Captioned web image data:
+ + +
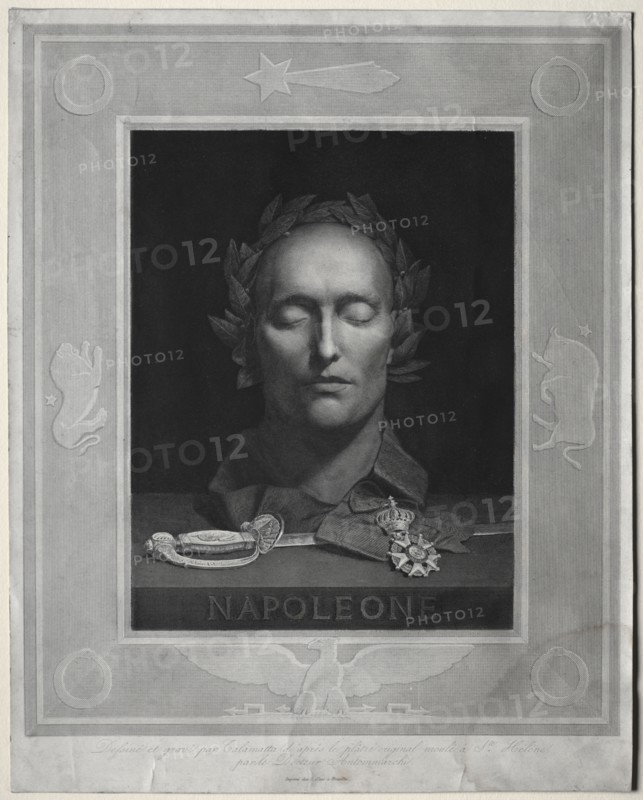 Mask of Napoleon, 1834. Luigi Calamatta (Italian, 1801-1869). Engraving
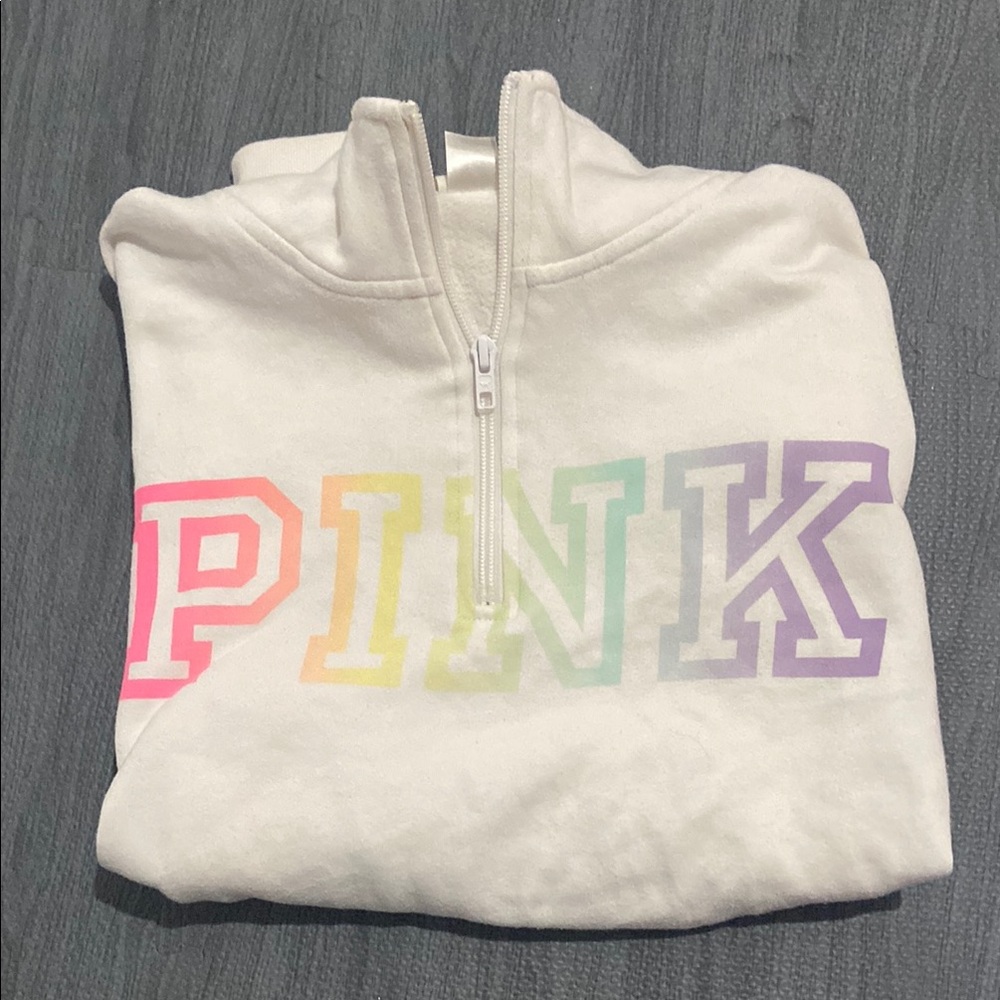 White Half-Zip Sweatshirt with Multicolor PINK Logo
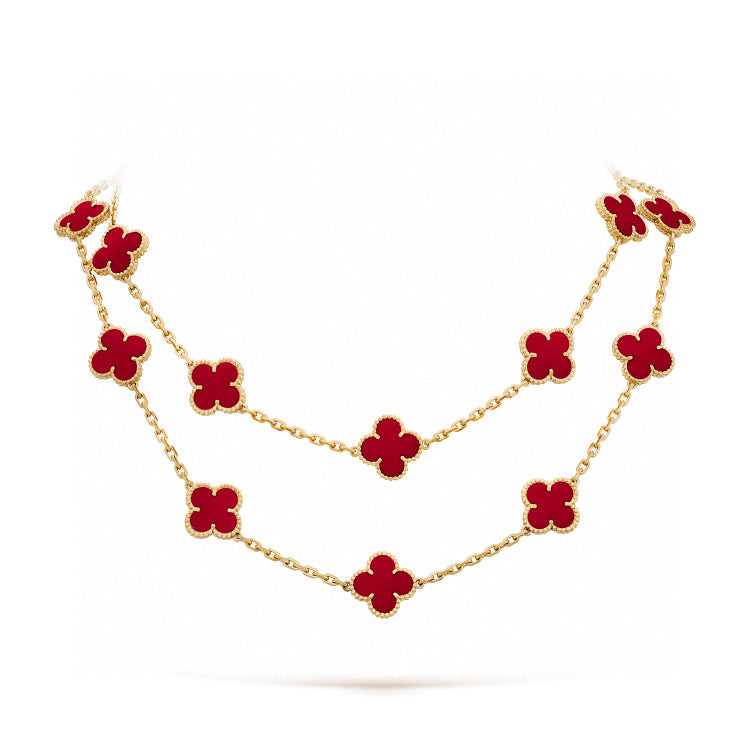 [Luxe Jewelry]CLOVER 20 MOTIFS CARNELIAN NECKLACE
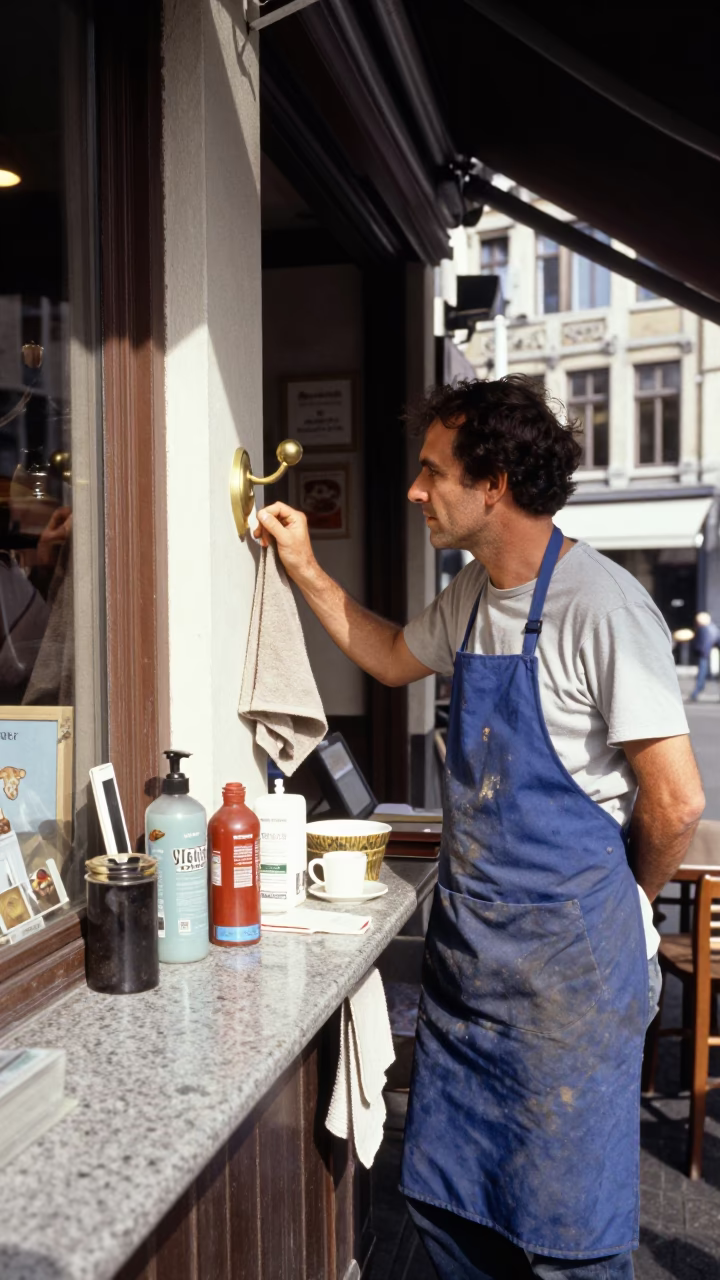 Shopkeeper in Brussels at Flat Noon Light in in Brussels, Belgium
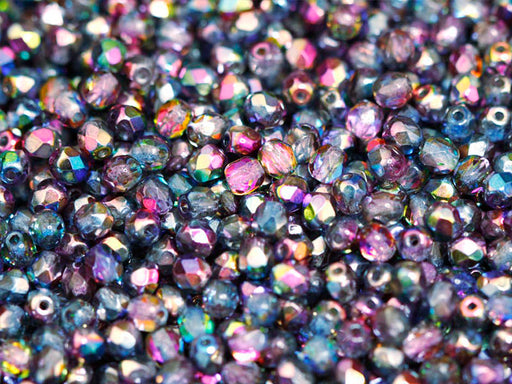 100 pcs Fire Polished Faceted Beads Round, 4mm, Magic Blue Pink, Czech Glass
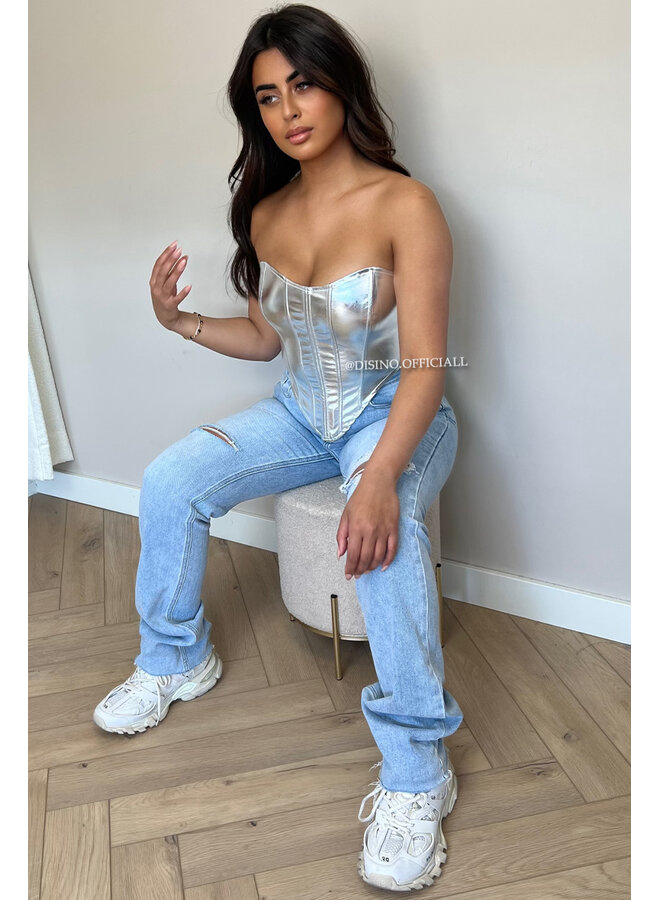 SILVER - 'MONROE' - EXCLUSIVE METALLIC LEATHER CORSET TOP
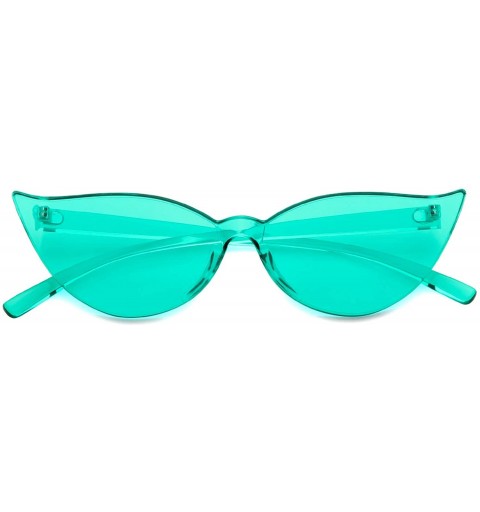 Cat Eye One Piece Rimless Transparent Cat Eye Sunglasses for Women Tinted Candy Colored Glasses - Lightblue - CX18I429ORQ $11.37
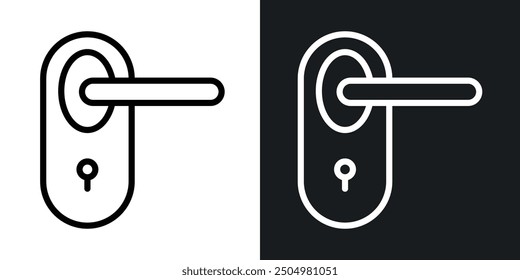 Conjunto de iconos de Vector de pomo de puerta en blanco y negro con estilo relleno y delineado.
+ + +
◆ What you have to do
Repeat all entries exactly. Skip the pictures.

◆ Answer box
 Mask of Napoleon, 1834. Luigi Calamatta (Italian, 1801-1869). Engraving
 White Half-Zip Sweatshirt with Multicolor PINK Logo
 [Luxe Jewelry]CLOVER 20 MOTIFS CARNELIAN NECKLACE
 Shopkeeper in Brussels at Flat Noon Light in in Brussels, Belgium
 100 pcs Fire Polished Faceted Beads Round, 4mm, Magic Blue Pink, Czech Glass
 SILVER - 'MONROE' - EXCLUSIVE METALLIC LEATHER CORSET TOP
 Cat Eye One Piece Rimless Transparent Cat Eye Sunglasses for Women Tinted Candy Colored Glasses - Lightblue - CX18I429ORQ $11.37
 Conjunto de iconos de Vector de pomo de puerta en blanco y negro con estilo relleno y delineado.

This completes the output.